There are also some industries that are becoming oversaturated. For example, there’s a lot of fintech startups coming up addressing solutions around payments and open banking. Now, one of the challenges is addressing other types of industries like edtech. There is a lot of opportunity around health tech, prop tech, and logistics as well.
Why did you start Amela, and what is the aim of the organization?
Last year, Anais Cisneros and I read that none of the $4.4 billion in funding for 2020 in Latin America went to female-only founded startups. That was eye opening for us. We didn’t understand why it was zero. We said, “OK, what’s happening?” We started more research. I was working at Endeavor back then. I was about to move into Nazca, and we realized that female founders didn’t have the same exposure as male founders. It was a major pain point. So we said, “OK, now what are we going to do about this?” That’s how Amela was born. We help founders with funds mapping and introductions, and we have a mentor pool that helps them with their pitch, their deck, their data room, and their business model.
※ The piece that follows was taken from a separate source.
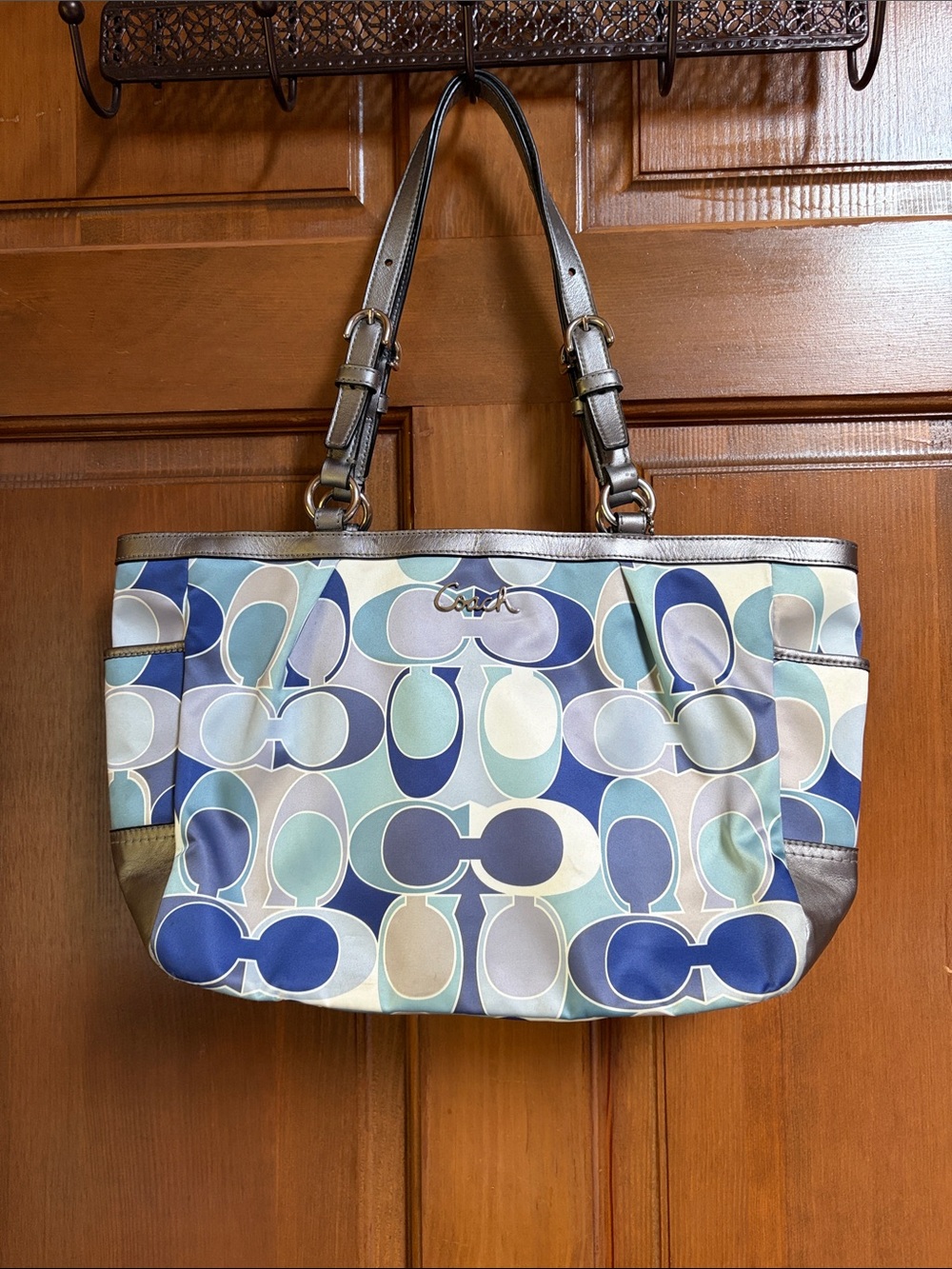 Coach Shoulder Bag in Signature Print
The second objective of Amela is to connect female founders. We focus more on early stage founders because that’s where we believe we can really add value. We do meetups every month to build community, and through these meetups we bring speakers like Lolita Taub and Antonia Roja, who is one of the only female partners of a VC in Mexico. We have over 100 female founders from all over Latin America. 43% are from Mexico, but we also have many from Argentina, Colombia, Ecuador, Bolivia, and Peru as well.
What are the roadblocks that women in technology in Latin America face?
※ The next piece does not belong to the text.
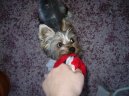 Photos: Yorkshire terrier (Dog standard) (pictures, images)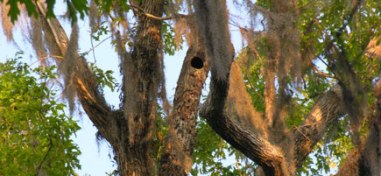 Ivory Bill Study Site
Latin America is still evolving, but it’s behind in many ways. Women do not have the same visibility as men. The media and the ecosystem just doesn’t give visibility to what female founders are doing. I’ve also heard a lot that when it comes to pitching, if a woman does not have what’s perceived as a strong enough attitude, investors don’t take them seriously.
I believe that it’s more of a structural problem. In Latin America, STEM careers don’t usually have as many women as men. So even before starting your professional journey, you go to universities. If you choose a STEM path, you don’t see many women. The work needs to be done from an educational side to start erasing this taboo that women cannot do tech. It’s an old pattern. We need to change.